Entre maio e junho de 2017, a Deco Proteste realizou o estudo sobre privacidade na internet e recebeu um total de 879 respostas válidas. Os resultados foram ponderados de forma a serem proporcionais à população nacional de utilizadores da internet. Os dados espelham as opiniões e as experiências dos inquiridos.

DADOS DE DUAS FACES

BIG DATA
Não há bela sem senão.
Alguns exemplos 




A salvação de um doente pode estar à distância de um clique

A Google já é conhecida por não limitar a sua atividade ao desenvolvimento de "simples" motores de busca. Entre muitos outros projetos, o gigante da informática tem um índice de artigos científicos publicados em várias áreas, entre as quais a saúde, que podem ser uma ajuda a um médico em caso de dificuldade de estabelecer um diagnóstico.

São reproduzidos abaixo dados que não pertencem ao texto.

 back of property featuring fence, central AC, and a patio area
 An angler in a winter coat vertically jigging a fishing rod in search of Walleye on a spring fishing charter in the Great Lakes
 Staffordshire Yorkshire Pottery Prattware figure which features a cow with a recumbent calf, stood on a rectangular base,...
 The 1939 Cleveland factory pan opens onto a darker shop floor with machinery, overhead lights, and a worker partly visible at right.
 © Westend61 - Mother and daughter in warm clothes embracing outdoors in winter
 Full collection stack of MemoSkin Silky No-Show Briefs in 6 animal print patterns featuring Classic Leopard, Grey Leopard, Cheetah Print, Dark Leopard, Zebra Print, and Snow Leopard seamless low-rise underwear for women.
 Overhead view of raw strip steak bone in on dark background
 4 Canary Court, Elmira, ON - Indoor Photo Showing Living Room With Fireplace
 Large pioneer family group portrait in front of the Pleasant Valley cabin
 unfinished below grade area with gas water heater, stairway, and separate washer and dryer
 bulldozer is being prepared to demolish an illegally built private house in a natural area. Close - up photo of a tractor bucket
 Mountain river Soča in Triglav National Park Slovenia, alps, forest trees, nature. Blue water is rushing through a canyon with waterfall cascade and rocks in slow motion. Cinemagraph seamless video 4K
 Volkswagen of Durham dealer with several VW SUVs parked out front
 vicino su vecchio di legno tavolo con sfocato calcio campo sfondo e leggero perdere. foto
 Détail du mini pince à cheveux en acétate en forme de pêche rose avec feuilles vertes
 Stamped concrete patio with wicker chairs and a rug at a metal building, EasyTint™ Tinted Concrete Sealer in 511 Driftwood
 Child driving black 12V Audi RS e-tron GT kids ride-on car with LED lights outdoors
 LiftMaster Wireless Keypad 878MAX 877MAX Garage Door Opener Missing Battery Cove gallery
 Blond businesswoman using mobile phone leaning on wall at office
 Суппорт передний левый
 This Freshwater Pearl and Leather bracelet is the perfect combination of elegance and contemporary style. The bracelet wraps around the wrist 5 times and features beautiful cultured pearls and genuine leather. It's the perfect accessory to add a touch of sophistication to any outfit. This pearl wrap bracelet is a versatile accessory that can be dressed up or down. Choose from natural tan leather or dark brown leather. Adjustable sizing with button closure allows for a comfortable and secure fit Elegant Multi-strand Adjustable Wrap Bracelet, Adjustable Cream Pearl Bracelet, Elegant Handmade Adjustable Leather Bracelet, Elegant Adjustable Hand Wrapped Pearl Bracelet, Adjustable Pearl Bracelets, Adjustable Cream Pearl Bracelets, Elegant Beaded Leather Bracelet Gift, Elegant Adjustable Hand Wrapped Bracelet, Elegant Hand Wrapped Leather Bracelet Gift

Sai um "cookie" para a mesa do lado...
A política de "cookies" (que servem, de facto, para gravar dados com as nossas características e preferências) pode ser usada no bom sentido. Se vários internautas pesquisarem, a dada altura do ano, por "gripe" no Google, as autoridades de saúde podem mobilizar mais meios e campanhas para combater um surto.

Consigo saber onde estás,em caso de emergência
Fundamental para uma política de big data, a geolocalização por GPS permite que encontremos o caminho mais curto em direção a locais desconhecidos ou que nos localizem, através do smartphone, em caso de emergência, seja por acidente ou catástrofe natural (neste último caso, desde que haja rede...).





Saúde: diz-me os teus genes,farei o teu diagnóstico
Dados partilhados de doenças ou de tendências para maleitas?
Só com muita cautela... O risco de um perfil genético determinar o acesso a um seguro de saúde, por exemplo, é alto. As apps de monitorização do estado de saúde que usamos em smartphones também podem ser uma forte arma de exclusão à contratação de um seguro de saúde.

... mas o "cookie" pode ser amargo
A mesma pesquisa por gripe feita, por exemplo, em janeiro, nos países do Hemisfério Norte, pode conduzir a uma revoada de anúncios em e-mails, em contas do Facebook ou noutras redes sociais. Porquê?
Justamente, porque os nossos dados são partilhados entre empresas para estas (e outras) ocasiões.

Consigo saber onde estás sempre, com quem falas, por onde andas
Basta abrir o Google no nosso smartphone para ele pedir para "utilizar localização precisa".
Para quê? É esta a pergunta de um (ou vários) milhão de dólares: sabendo onde estamos, as empresas conseguem determinar comportamentos e hábitos de consumo. A partir daí, podem dirigir os seus anúncios de maneira mais precisa. Mas também sabemos que guardam informação pessoal valiosíssima, que podem vir a transacionar com outras empresas. 



Este artigo foi redigido ao abrigo do novo acordo ortográfico.